Le schéma de sélection commence par le croisement de 2 variétés : l’une que l’on souhaite améliorer, l’autre qui apporte une qualité identifiée. Le parent choisi comme femelle est castré manuellement puis il est fécondé par le pollen du géniteur choisi comme mâle. Les graines issues du croisement de départ représentent la famille F1. Ces graines semées produisent la F2 qui révèle la variabilité introduite par le croisement des parents. L’importance numérique de la F2 dans laquelle le sélectionneur choisit 1 à 10 % des meilleures plantes qui donnent la F3 est essentielle car plus ce nombre est élevé, plus il y a de chance que se trouve réalisées les combinaisons génétiques recherchées.
La F3 est cultivée en plein champ. De la F3 à la F5, les familles sélectionnées sont semées en lignes et les caractéristiques de précocité, de hauteur et de résistance à la verse et aux maladies sont observées. À partir de la F6, les semis sont réalisés en micro-parcelles d’environ 4 m2 et la richesse en fibres est évaluée. La F8 marque généralement la fixation d’une lignée. On parle d’une sélection généalogique.
Il faut attendre la F10 pour que le sélectionneur formule auprès du CTPS une demande d’inscription de la variété au catalogue officiel français des espèces et variétés et commence la multiplication des semences de pré-base et la sélection conservatrice.

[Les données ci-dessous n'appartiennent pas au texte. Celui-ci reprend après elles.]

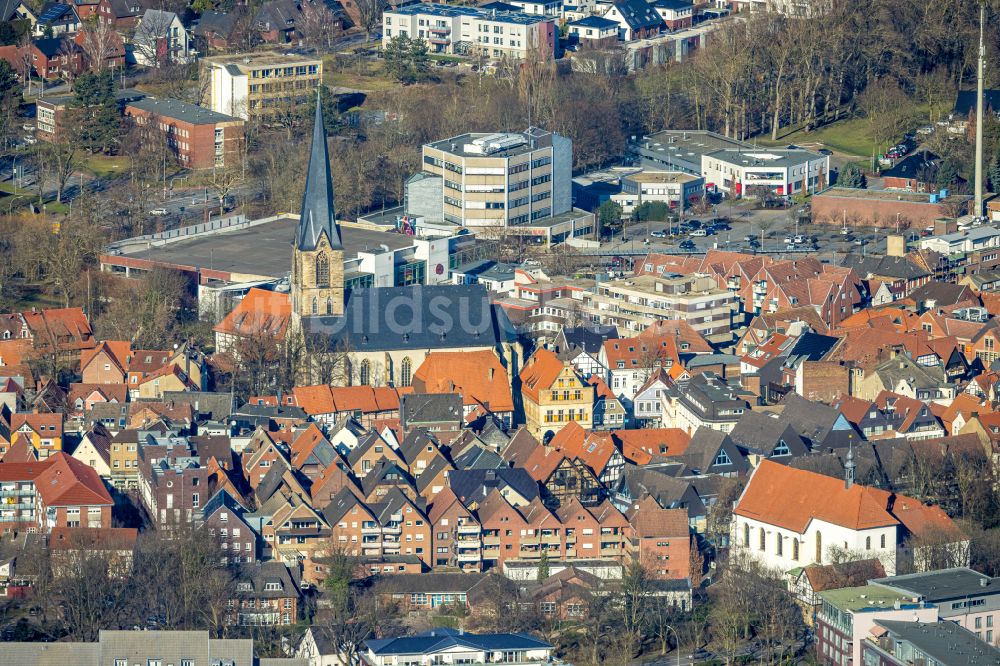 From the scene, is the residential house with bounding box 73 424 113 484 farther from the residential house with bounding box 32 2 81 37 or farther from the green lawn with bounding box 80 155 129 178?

En 2016, une quarantaine de variétés de lin textile et presque autant de lin oléagineux sont inscrites au catalogue officiel. Par leur réponse aux conditions de sol et au climat, par leur résistance aux maladies, par leur tenue de tige, les qualités de leurs fibres et, bien sûr, par leur productivité, elles constituent un élément clé de la rentabilité de la culture.
Compte tenu du faible taux de multiplication du lin (x 6), les nouvelles variétés sont généralement disponibles 3 à 4 ans après leur inscription. Cela donne aux professionnels le temps de mieux connaitre leurs comportements respectifs dans des contextes variés pendant la phase de leur développement.
La production mondiale de la graine de lin : Dans le monde, le lin est aussi cultivé pour sa graine qui contient environ 41 % d’huile, riche en omega-3, en particulier de l’acide gras nommé acide alpha-linolénique. L’huile de lin en contient 57 % en moyenne, ainsi que 16 % d’acide linoléique.

Du point de vue de la production mondiale, le Canada est le principal producteur et exportateur de graines de lin. La production est assez variable (entre 720 000 tonnes et 930 000 tonnes ces dernières années), et exportée pour l’essentiel.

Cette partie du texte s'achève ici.